Coordinating a multi-lambda software product

29th Aug 2021

Introduction:

The more I have been working on AWS, the more I understanding the importance of well-architected solutions. Today, I would like to focus on the value of AWS Step Functions. What are Step Functions? The offical description is:

AWS Step Functions is a low-code visual workflow service used to orchestrate AWS services, automate business processes, and build serverless applications. Workflows manage failures, retries, parallelization, service integrations, and observability so developers can focus on higher-value business logic.

To explain the value, I am going to use some hypothetical use cases, which are:

Use Case One: As a GitHub administrator, whenever a new developer joins the GitHub organisation, I would like to add them to a GitHub Team so that they can access repositories straight away. I also would like to fetch internal company information about that user (email, id, etc.) and add them to an internal DB for querying.
Use Case Two: As a GitHub administrator, whenever a GitHub Workflow completes, I would like to calculate the workflow cost and work out the total workflow count for the repository, so it's easy to do chargebacks per repository. I also would like to store the data in a DB so it can be queried historically.

Before we build out some architectures, let's set some principles:

Purposeful: Single function lambda's for single-use cases. (not combining multiple businesslogic into a single lambda). This is to promote reuse.
Event Driven: No polling or waiting on a cron which triggers to see if things have changed. I would like an end-to-end event driven architecture.
Stateful: Non-Invoke Based (Callback hell).

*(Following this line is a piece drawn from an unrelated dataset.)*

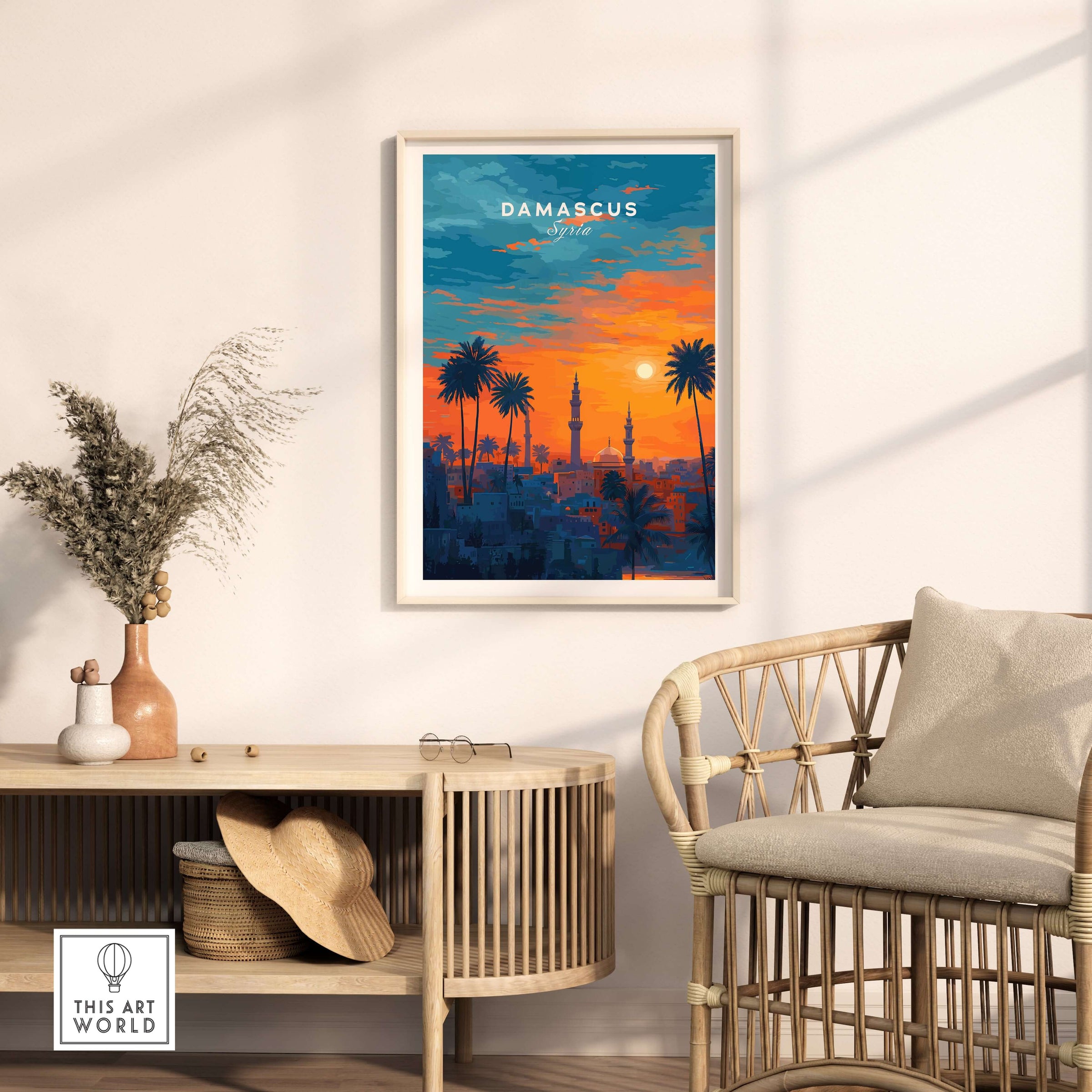 Syrian City Sunset Print - Historic Damascus Skyline Poster - Palm Tree Wall Art in modern interior setting.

E.G Lambda A Invoked Lambda B from within Lambda A and waits for Lambda B to be done to return success/fail

Now, as with any architecture, there are multiple ways to build out this example system. I will show two examples below and compare & contrast the pros and cons of each, mainly focusing on how to use multiple lambdas together and why AWS Step Functions are beneficial.

Model One - SQS:

Let's walk through the above diagram. We have a GitHub App configured on two events (A, B). We use a GitHub App to remove the "human" element of the connection, along with some other goodies like an increase in API Requests. The GitHub App will send a payload to our API, but before it reached the API, we use AWS Route 53 for our custom DNS record, which then will proxy down to our AWS Cloudfront Distribution.

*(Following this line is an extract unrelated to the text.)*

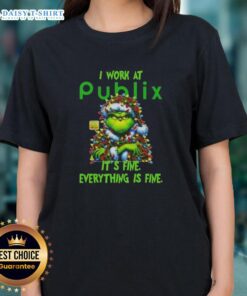 Premium Grinch Christmas Tree tee from Publix, featuring a humorous 'It's fine, everything is fine' design for ladies.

Once the payload reaches the API, we will first use the direct integration between AWS HTTP API Gateways and AWS Lambda to first process the data. Then, to communicate between the rest of the lambdas, we use AWS SQS to traffic data between lambdas for processing. Finally, data ends up in the database where you could use a service like AWS AppSync or another API Gateway to fetch the data.

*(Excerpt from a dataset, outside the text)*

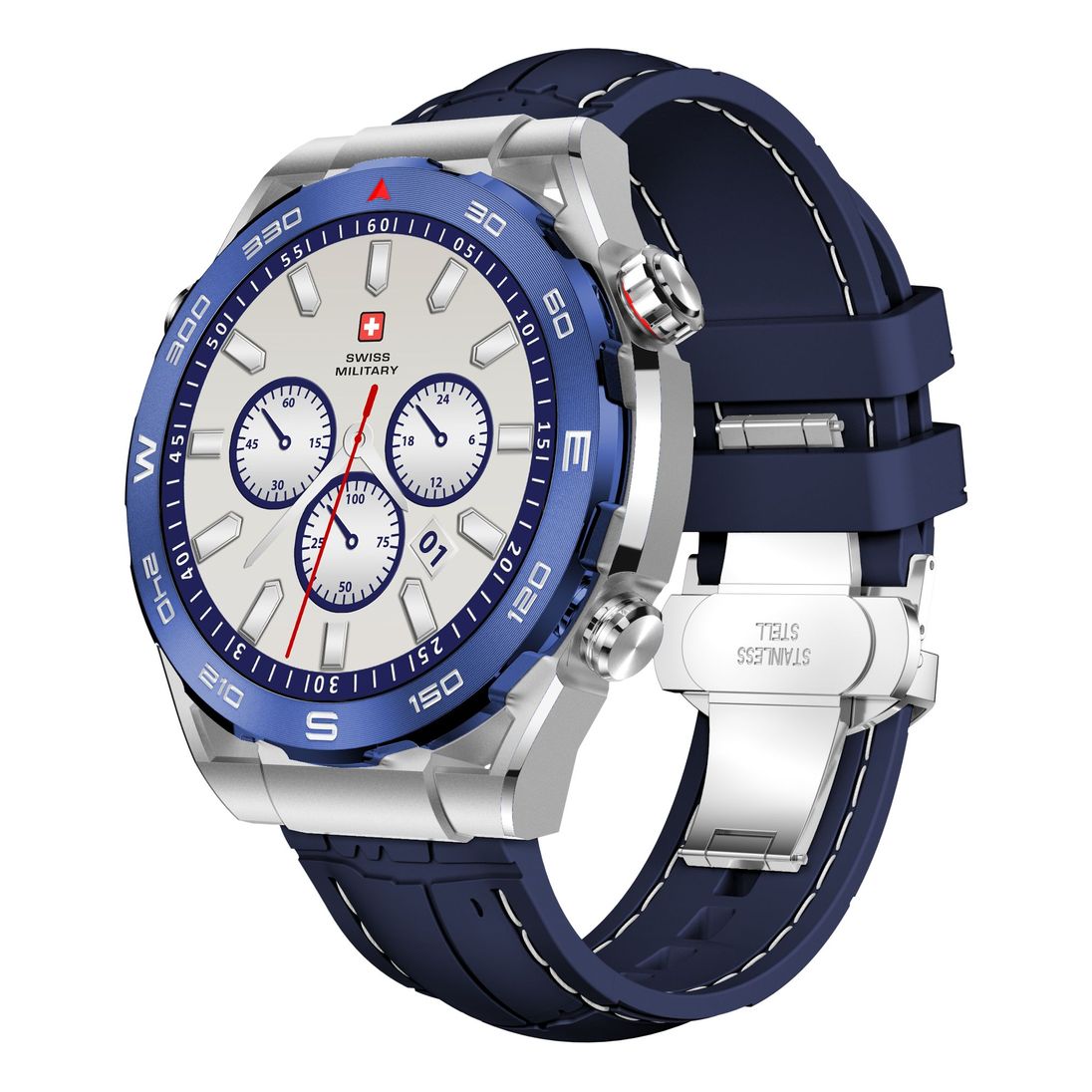 Swiss Military DOM3 Smartwatch - Silver With Blue Silicon Strap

Let's talk about the pros:

Extensible: It's extensible, as an individual SQS Queue fronts each function. Meaning, you're able to quickly send data to that function from any service that can send structured data. You may know about Lambda X needing to send data to Lambda Y. Still when a new Lambda comes in, Lambda Z, it's easy to add that lambda into the current architecture and send data to Lambda Y without breaking the current pattern.

Let's talk about the cons:

Clean Arch: It's a little messy. I am a big believer that most clean architectures are simple. Don't overcomplicate something and add AWS services because it could fit a need. Look at alternatives to reduce your footprint. There are 6 SQS Queues; they seem to be the most predominant service in this design. Are they needed?
Problem Finding: How easy is it to really find problems? We have a dead letter queue configured so any messages that don't complete can be re-processed accordingly, but you only see a problem at a time; you don't see the history of where that data has come from or where it has been or how it has been processed. You would have to write some custom code to do this.
App Tracking: Amazon SQS requires you to implement application-level tracking, especially if your application uses multiple queues, which in this case, it does.

Overall, this isn't a bad architecture, it fits a use case, but could it be fine-tuned?

Model Two - Step Functions

Both ingress patterns into AWS are the same. The main difference starts when you get past the AWS HTTP API Gateway and into the data processing.

As this solution has multiple lambdas, we use AWS Step Functions to coordinate how they interact. So, when a payload reaches the HTTP API, we trigger the AWS Step function. Data is processed by each lambda and sent back to the state machine, where finally it inserts data into the DB and uses a custom AWS SNS Topic to send an email on success/error.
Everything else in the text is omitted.